Visibility works both ways… you can constrain visibility, so you see less options — or you can give visibility so you can give more.
For example:
If you want to do more crochet.
Put the hook and the yarn together, and put it somewhere you can always see it. So when you’re walking past you see it and go… huh… I wanna do that.
Sometimes it’s strong enough that you’ll go straight to it, other times it won’t.
If something keeps drawing your attention TOO much, move it to a less visible place.
Want to do different hobbies.
Do different hobbies, put them in different places, the ones you wanna do a lot, put them in two separate (but equally visible places).
These strategies—like placing hobbies where you’ll see them—work because they turn the problem into a solvable puzzle, not a broken system you have to force yourself to fix. And that’s MY issue with the term ‘Executive Dysfunction."
The problem with “Executive Dysfunction”
Now I am not for one moment saying that the issues above aren’t real, because they are. These are real behaviours, and real struggles that we experience every day. But when we use ‘Executive Dysfunction’ as the reason, we risk accepting a fixed narrative about ourselves. That there is something wrong with how we work within the world.
And honestly? That just sucks.
What if… the information we need to act is already around us, waiting for us to notice?
What if we treated the struggles as signals instead of failures of a central executive?

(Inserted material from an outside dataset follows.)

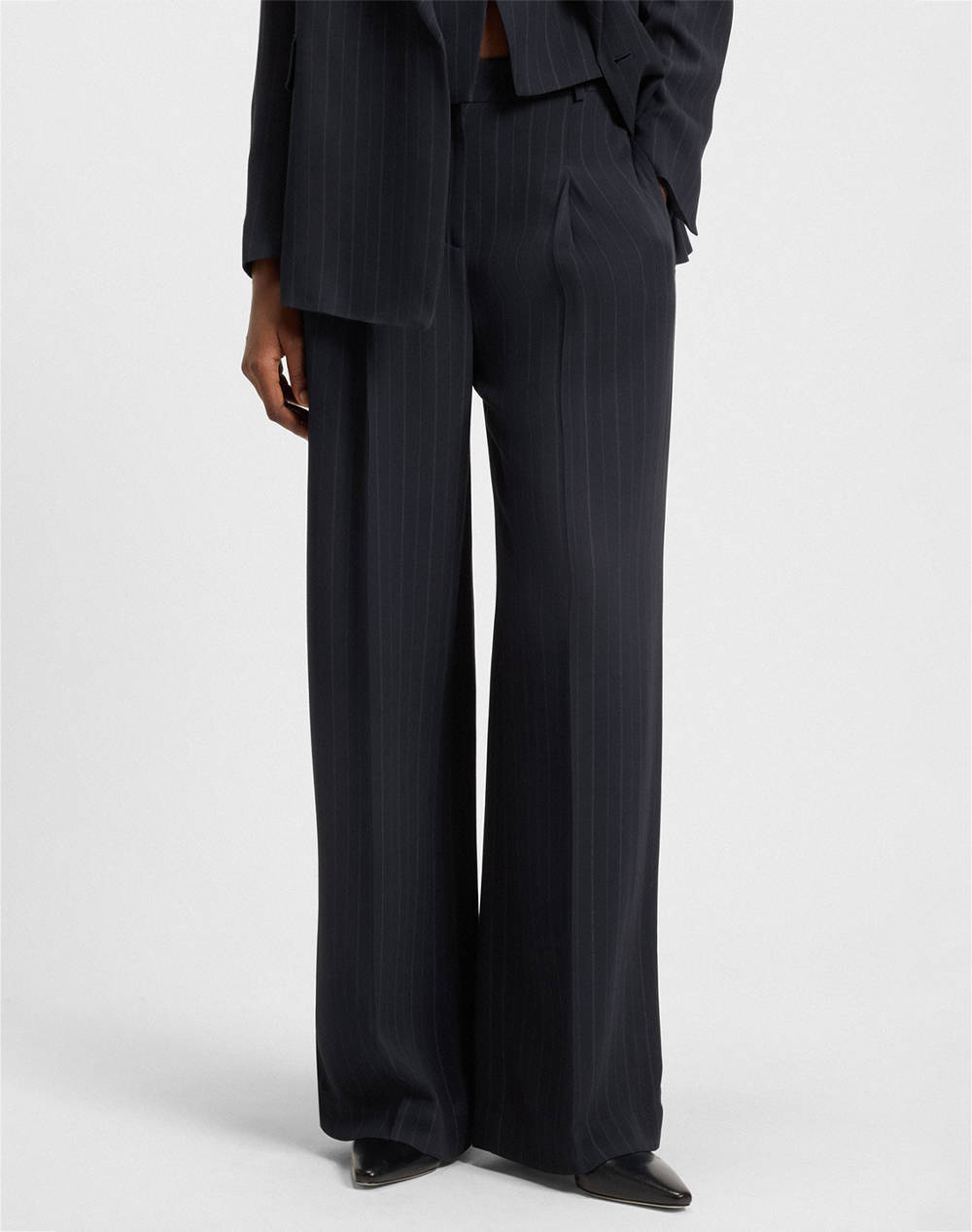 Boss Tiana4 Pantaloni Dama Dungi Eleganți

It doesn’t dismiss the real issues — it puts them into perspective, and allows us to go… huh… what is actually happening here.
It allows us to get curious about the way we actually work. Instead of assuming that we work “wrong” and trying to fix how we exist in the world.
It allows us to:
- Find reasons to do the damn thing that we don’t wanna do.
- Create our own solutions so we can do (or not do) as many hobbies as we like! 😁
- Feel confident that what we’re actually doing; isn’t the result of some faulty programming, but just part of who we are…
As someone who’s blind in one eye, hard of hearing in the other, autistic (and a little ADHD), and navigating life as a trans person in possibly the most challenging time I could, I’ve learned one thing: there’s always a solution.
It’s not about waiting for a ‘conceptual ragbag’ to magically fix things for us—it’s about seeing what’s possible and making it easier for ourselves (something we often neglect).